The complaint and warrant charging disorderly conduct, which carries a maximum penalty of six months in jail and a fine of $500, were addressed to the Quarterly Court of Fayette County, where Colten was tried, convicted, and fined $10. Exercising his right to a trial de novo in a court of general jurisdiction, Colten 'appealed,' as the Kentucky rules style this recourse, Ky.Rule Crim.Proc. 12.02, to the Criminal Division of the Fayette Circuit Court. By consent, trial was to the court and Colten was convicted of disorderly conduct and this time fined $50. The Kentucky Court of Appeals affirmed. Colten v. Commonwealth, 467 S.W.2d 374 (1971). It rejected Colten's constitutional challenges to the statute and his claim that the punishment imposed was impermissible, under North Carolina v. Pearce, 395 U.S. 711, 89 S.Ct. 2072, 23 L.Ed.2d 656 (1969). We noted probable jurisdiction. 404 U.S. 1014, 92 S.Ct. 672, 30 L.Ed.2d 660 (1972).

I

Colten was convicted of violating Ky.Rev.Stat. § 437.016(1)(f) (Supp.1968), which states:

'(1) A person is guilty of disorderly conduct if, with intent to cause public inconvenience, annoyance or alarm, or recklessly creating a risk thereof, he:

'(f) Congregates with other persons in a public place and refuses to comply with a lawful order of the police to disperse . . ..'

The Kentucky Court of Appeals interpreted the statute in the following way:

'As reasonably construed, the statute does not prohibit the lawful exercise of any constitutional right. We think that the plain meaning of the statute, in requiring that the proscribed conduct be done 'with intent to cause public inconvenience, annoyance or alarm, or recklessly creating a risk thereof,' is that the specified intent must be the predominant intent. Predominance can be determined either (1) from the fact that no bona fide intent to exercise a constitu- tional right appears to have existed or (2) from the fact that the interest to be advanced by the particular exercise of a constitutional right is insignificant in comparison with the inconvenience, annoyance or alarm caused by the exercise.' 467 S.W.2d, at 377.

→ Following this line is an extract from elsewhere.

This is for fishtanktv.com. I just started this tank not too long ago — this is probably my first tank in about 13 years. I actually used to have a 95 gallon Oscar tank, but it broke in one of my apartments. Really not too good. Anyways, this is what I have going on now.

The evidence warranted a finding, the Kentucky court concluded, that at the time of his arrest, 'Colten was not undertaking to exercise any constitutionally protected freedom.' Rather, he 'appears to have had no purpose other than to cause inconvenience and annoyance. So the statute as applied here did not chill or stifle the exercise of any constitutional right.' Id., at 378.

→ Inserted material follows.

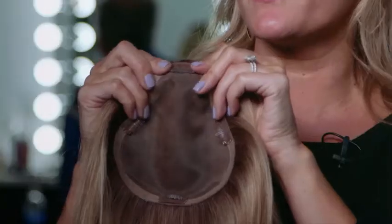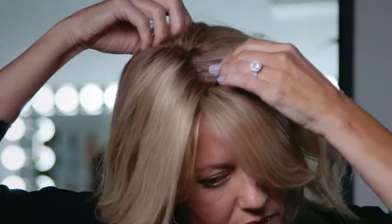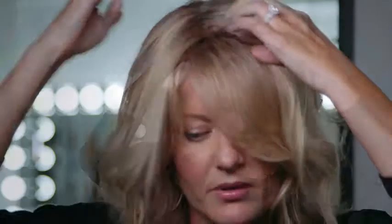To apply Easy Part XL, start by opening the pressure-sensitive clips — all four of them — about an inch back from the hairline. Close your first clip, then the back clip, and then finish with the two side clips, and blend with your own natural hair.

Based on our own examination of the record, we perceive no justification for setting aside the conclusion of the state court that when arrested appellant was not engaged in activity protected by the First Amendment. Colten insists that in seeking to arrange transportation for Mendez and in observing the issuance of a traffic citation he was disseminating and receiving information. But this is a strained, near-frivolous contention and we have little doubt that Colten's conduct in refusing to move on after being directed to do so was not, without more, protected by the First Amendment. Nor can we believe that Colten, although he was not trespassing or disobeying any traffic regulation himself, could not be required to move on....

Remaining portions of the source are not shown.